Ruadh regarded me severely, his brow creased in disapproval. “As He did nothing when His beloved son died on the cross,” he pointed out. “We are closest to Christ when sharing the world’s misery. Think you Jesu came to remove our pains? Wherever did you get that notion? The Lord came, not to remove our suffering, but to show the way through it to the glory beyond. We can overcome our travails. That is the promise of the cross.”
“A promise worth as much as the empty air,” I said. “Thirteen monks left this abbey, and only four returned. We paid a fearful price - and all for nothing! All our torment accounted for nothing, and accomplished no purpose. No good came of it. The fortunate ones, that I can see, are the barbarians: they went out for plunder and came back wealthier than they could have imagined. At least they got what they wanted.”
Ruadh was silent for a time. “Aidan, have you lost your faith?” he asked at last.
Aidan had indeed lost his faith, because he had been instructed all his life that God was a personage, the one Creator who rules and controls all people and all events. The only evidence for this was faith, and for Aidan it had not been enough. God had not interceded to prevent his suffering. However, it is not what God can do or has done for us, but what we can do for God. For we are God; God resides within each of us, in our Higher Self.
We have no need to pray for God to magically grant us what we wish, but we do better to pray giving thanks for all that we can be grateful for. Thanks for being alive, to experience and learn from the world, to have the freedom to make mistakes, to be free to act as we will and to receive the consequences of our actions and non-actions. Instead of being puppets, we are able to create a better world; indeed, to express our divinity.

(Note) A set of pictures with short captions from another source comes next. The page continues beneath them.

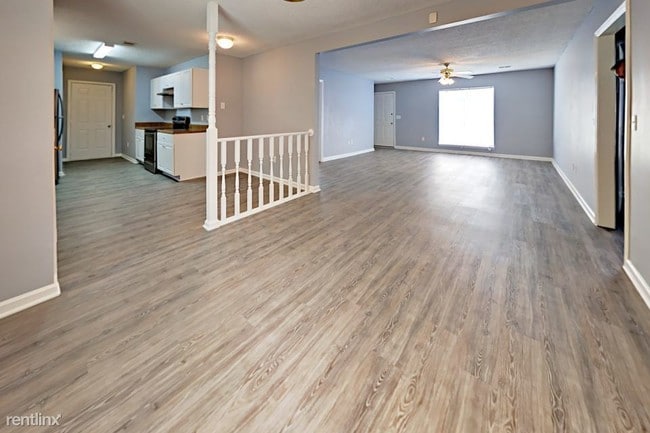 Building Photo - 809 Winslow Way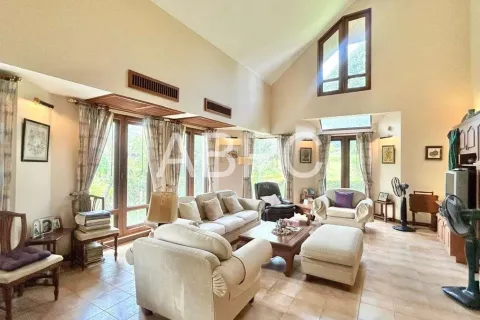 Casa de 4 dormitorios en Pattaya, Tailandia № 211710 - foto 4
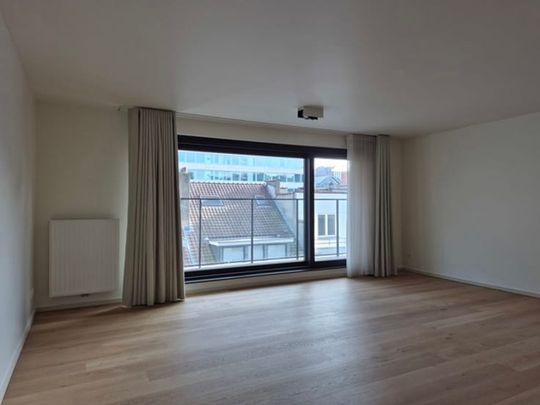 Appartement te huur - Photo 1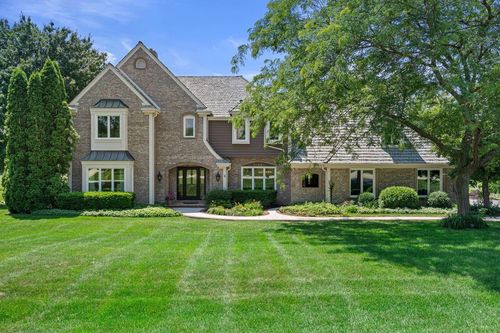 10435 N Riverlake Drive, Mequon, WI, 53092 | Card Image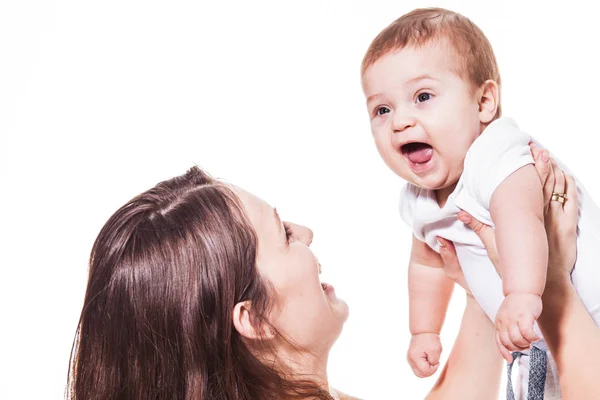 Mutlu anne bebeğini kucağında tutuyor. — Stok fotoğraf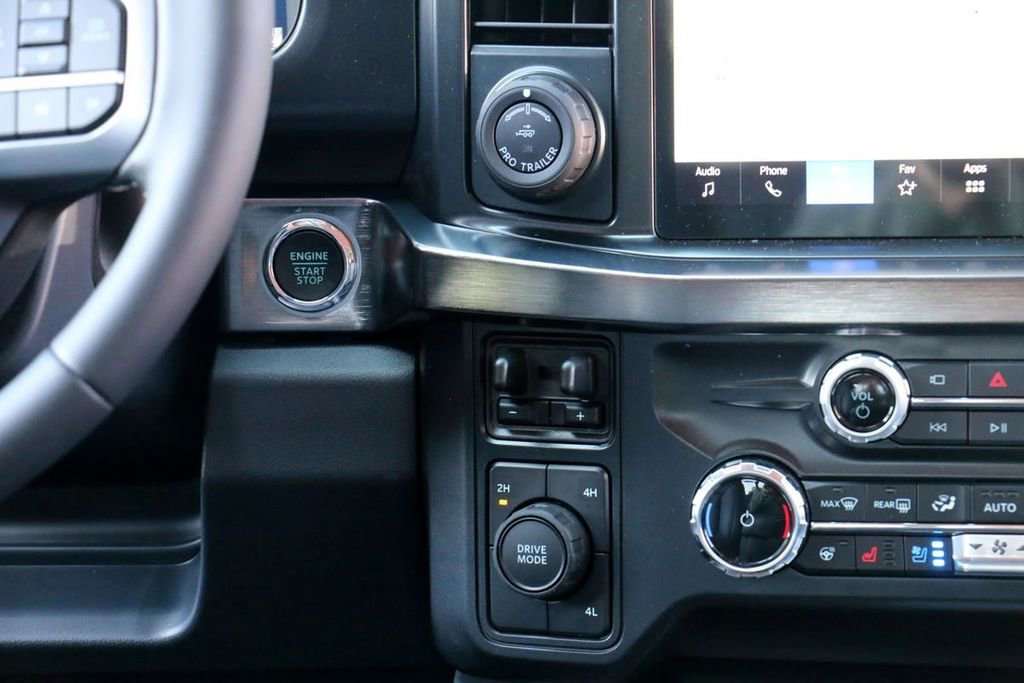 New 2026 Ford F350 Lariat AWD/4WD image 30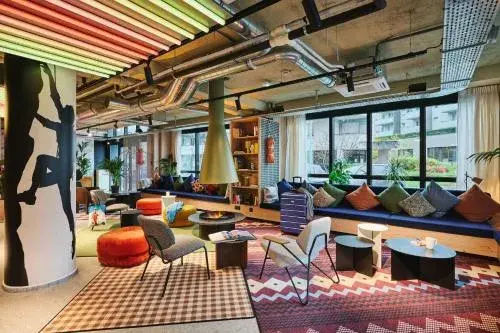 Moxy Annecy Moxy Annecy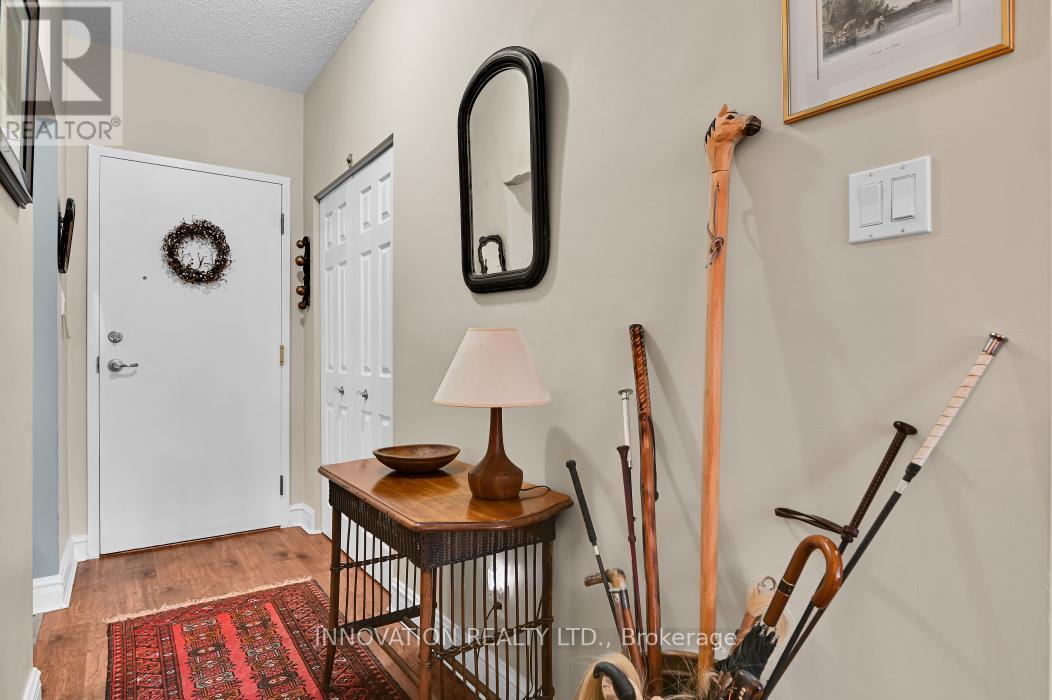 319 - 1 Rosamond Street E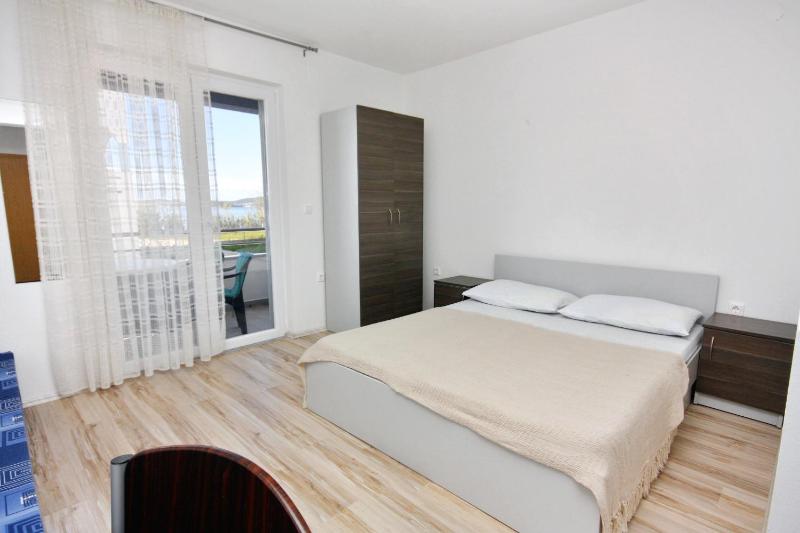 Studio with Balcony and Sea View image 1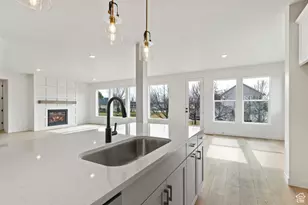 1340 E Hollyhock Wy, Layton, UT 84040 - Photo 9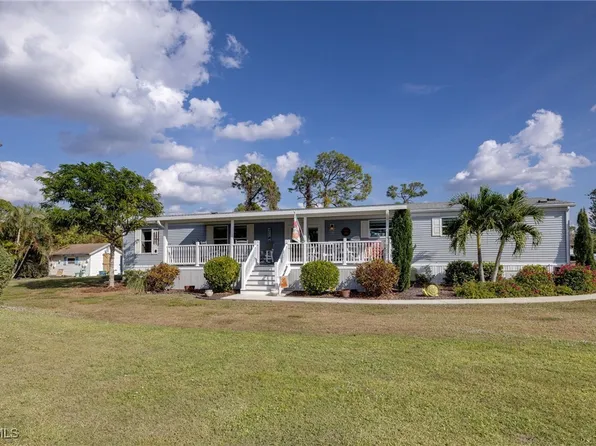 19440 Pony Ln, North Fort Myers, FL 33903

To determine our path, we do well to surrender a choice governed by fear or attachment for the inner knowing of our Higher Self, expressed through our heart - what Krishnamurti calls “choiceless awareness.” We need only ask: “Is this guided by love?” That always points to the true path ahead.
So what remains of worship? I think propitiation plays no part since that lacks respect for the divinity within. Devotion is a better concept; sincere respect for the creative intelligence and wondrous beauty of the Universe of which we are a part. Since God IS all that is, we each are an aspect of divinity that is here to experience Creation. It is the Game of Life, with all of its cruelty, tragedy, heroism and glory. Realizing our freedom and the part we have to play - and its divinity - that is “the glory beyond” as Ruadh pointed out, but here and now.
A personal God who interceded in the Game of Life, breaking its rules, would destroy it. A game requires freedoms, barriers, purposes, unknowns; that is the way of things. Fortunately manipulation is not God’s purpose and thankfully, we are free to create of our lives what we will.
God can be conceived in multiple, equally valid ways - a personal presense; in all and everything, or Creation, if you will; and at the core of each and every one of us... “light that is one though the lamps be many.” So our experience is God’s. When things go wrong, God suffers with us. When things go right, God celebrates alongside us. At all times, God is Love and is in our hearts.
Aidan finally understood this and got his faith back. He went on to build four great churches in Scandinavia, to serve and lead the Vikings who had at first enslaved him and amongst whom he had later found true brotherhood. Saint Aidans’s tomb can be found in the shadow of the Hagia Sophia, Constantinople.